TO DO:
Restate word for word the lines between the start of the material and the line with "clothes washing area", keeping both of those ends and none of the pictures.

[Start of section]

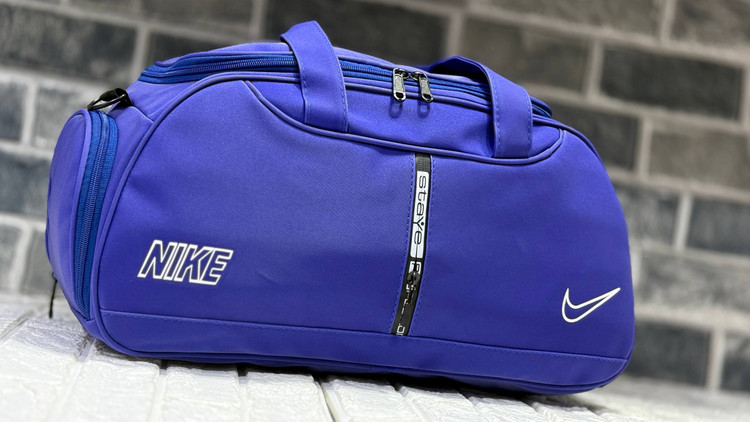 ساک ورزشی طرح چرم زیپ وسط جا کفشی دار با آستر خارجی نایک با کد محصول ۲۰۹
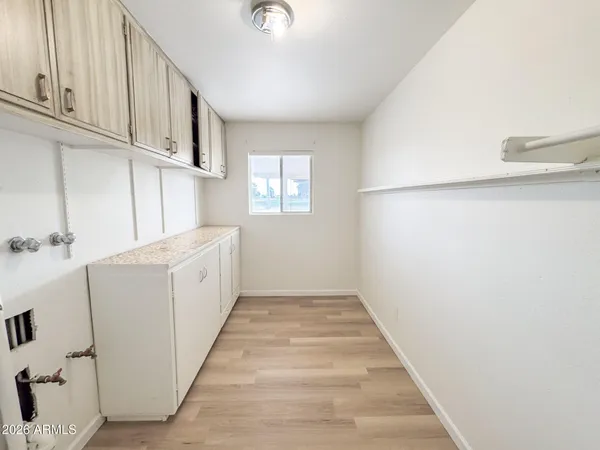 a view of a hallway with closet
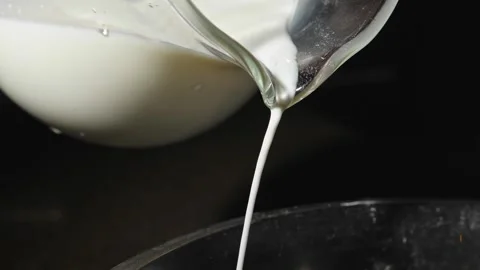 Milk pours in a thin trickle from a glass jug against a dark background, close Stock Footage 264415544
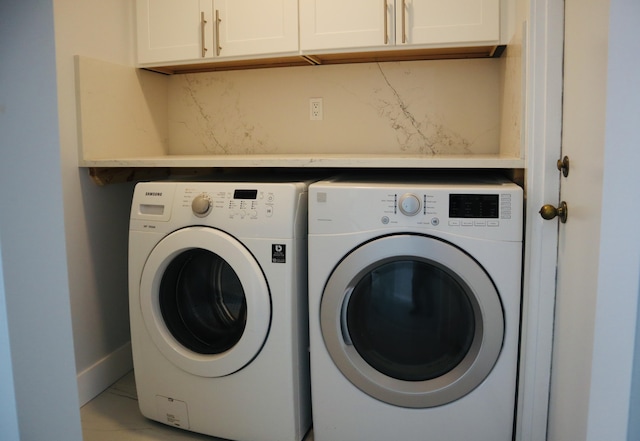 clothes washing area with cabinets and separate washer and dryer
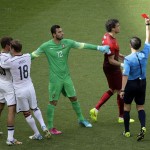 Referee Milorad Mazic from Serbia shows a red card to Portugal's Pepe after a scuffle with Germany's Thomas Mueller, right, as Portugal goalkeeper Eduardo, center, gestures during the group G World Cup soccer match between Germany and Portugal at the Arena Fonte Nova in Salvador, Brazil, Monday, June 16, 2014. (AP Photo/Christophe Ena)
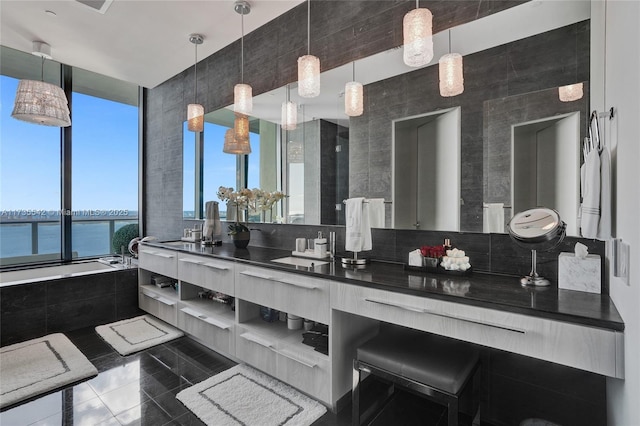 bathroom with tiled tub, vanity, a water view, and tile patterned floors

[End of section]

SOLUTION TO THIS EXERCISE:
 ساک ورزشی طرح چرم زیپ وسط جا کفشی دار با آستر خارجی نایک با کد محصول ۲۰۹
 a view of a hallway with closet
 Milk pours in a thin trickle from a glass jug against a dark background, close Stock Footage 264415544
 clothes washing area with cabinets and separate washer and dryer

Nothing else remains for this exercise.